Un romance de película
Todo comenzó como la perfecta comedia romántica. Sin esperarlo y sin buscarlo. Un amigo en común los presentó. Hicieron el acuerdo no escrito de ser platónicos. Ninguno quiso romper la amistad que ese día nació. Pero de la amistad nacieron las chispas. Y de esas chispas nació un fuego que ninguno de los dos pudo apagar. Aunque ninguno lo quería aceptar, estaban ya perdidos. Juntos. Sin remedio alguno que lo evitara. Y aún así, lucharon contra su futuro. Creyeron que podrían ganar. Creyeron que podrían ignorar sus sentimientos para siempre. Hasta que no pudieron.
No pasó mucho tiempo para que se dieran cuenta. No pasó mucho tiempo para que se rindieran ante el inevitable final. Y en una noche lluviosa de otoño, sus miradas se cruzaron. Se vieron. Se reconocieron. Sonrieron. Él se acercó temerosamente mientras ella lloraba quedo. La besó en la comisura de los labios. En silencio comprendieron el porqué de todas esas citas sin sentido, de todos esos amores vacíos, de todas esas noches de llanto. En un instante, olvidaron todas sus dudas, todos sus miedos, todas sus inseguridades. En un segundo se olvidaron del mundo y el mundo de ellos. En un segundo aceptaron su destino. Por un eterno segundo, el universo se compuso solamente de ellos dos. Creyeron que ni la estrella más brillante podría opacar su resplandor. Creyeron que podrían expandir ese resplandor para siempre. Hasta que no pudieron.
Fueron los más felices. Aprender a disfrutar de esta aventura fue la mejor experiencia de sus vidas. Ningún superlativo era capaz de describir lo que sentían. La felicidad que emanaban era inigualable. Sus familias lo sabían. Sus amigos lo sabían. El mundo lo sabía. Y cuando las dudas surgieron, creyeron que iban a poder dejarlas atrás. Y cuando los miedos surgieron, creyeron que podrían enfrentarlos. Y cuando las inseguridades surgieron, creyeron que el amor que se tenían era suficiente para ignorarlas. Creyeron que podrían hacer la aventura funcionar. Hasta que no pudieron.
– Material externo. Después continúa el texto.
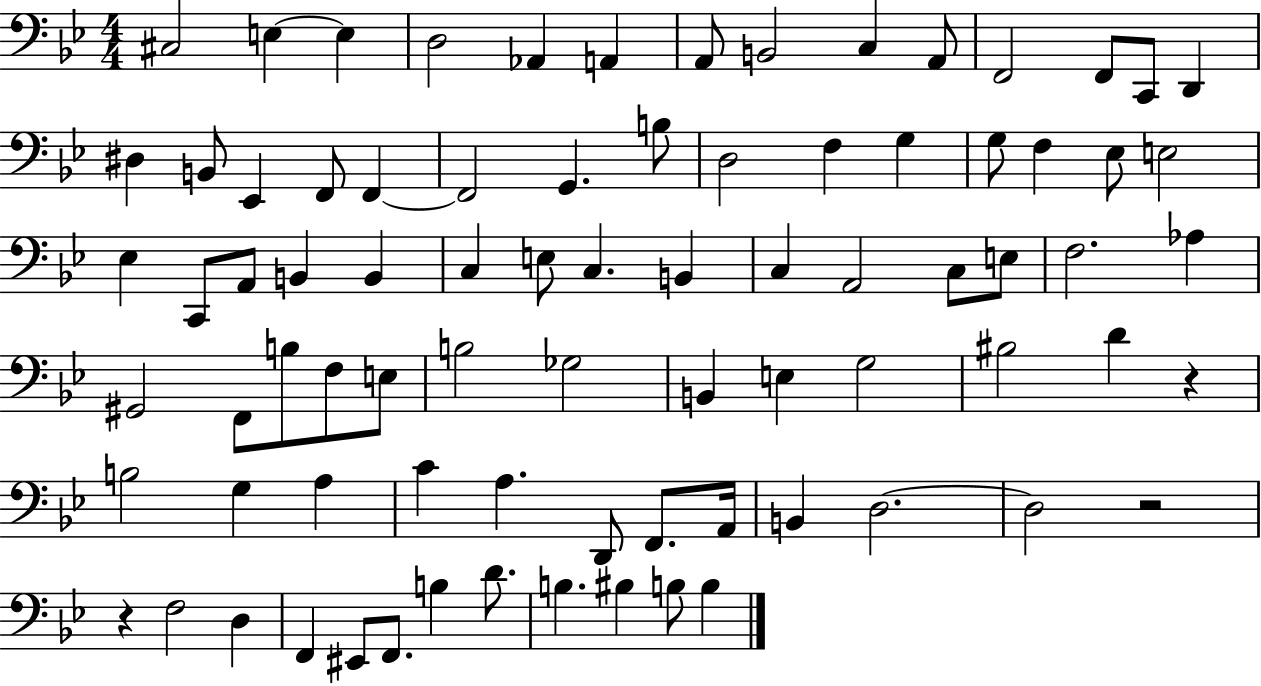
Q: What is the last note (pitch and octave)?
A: B3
Los celos llegaron justo cuando menos los esperaban. De los celos se alimentó la desconfianza. De la desconfianza nacieron conflictos que no supieron manejar. Los conflictos abrieron heridas no sanadas que hicieron temblar los cimientos de lo que juntos construyeron. Después de muchas lágrimas echadas se dieron cuenta de que tal vez el amor no era suficiente. Se dieron cuenta de que los cimientos podían fallar. Lucharon hasta el final. Creían que podrían recuperar lo que encontraron aquella noche de otoño. Mientras el amor siguiera ahí, la esperanza no iba a morir. Y cuando la esperanza comenzó a agonizar supieron que el final estaba cerca. Y aún así, lucharon contra su futuro. Creyeron que podrían evitar el trágico desenlace. Hasta que no pudieron.
Con el tiempo aprendieron a esconder sus ganas de llorar. Con el tiempo, la soledad y la tristeza les dejó de aterrar. Llegó el día en el que ambos despertaron sin ganas de llorar. Tampoco quisieron gritar de enojo. Con el tiempo aprendieron a ver las fotos del pasado sin nostalgia. Poco a poco comenzaron a olvidarse. Aprendieron que ese recuerdo, aunque pasajero, sería eterno. Llegó el día en el que sus miradas no mostraban desgaste y tristeza. Llegó el día en el que sus sonrisas eran honestas y auténticas. Ese día sonríeron. Recordaron esa noche lluviosa de otoño. Recordaron ese resplandor que los hizo sentirse vivos. Reconocieron ese viejo sentimiento en esa nueva sonrisa. Tomó tiempo, pero llegó el día en el que el enojo fue reemplazado por el agradecimiento. Y esta vez fue eterno.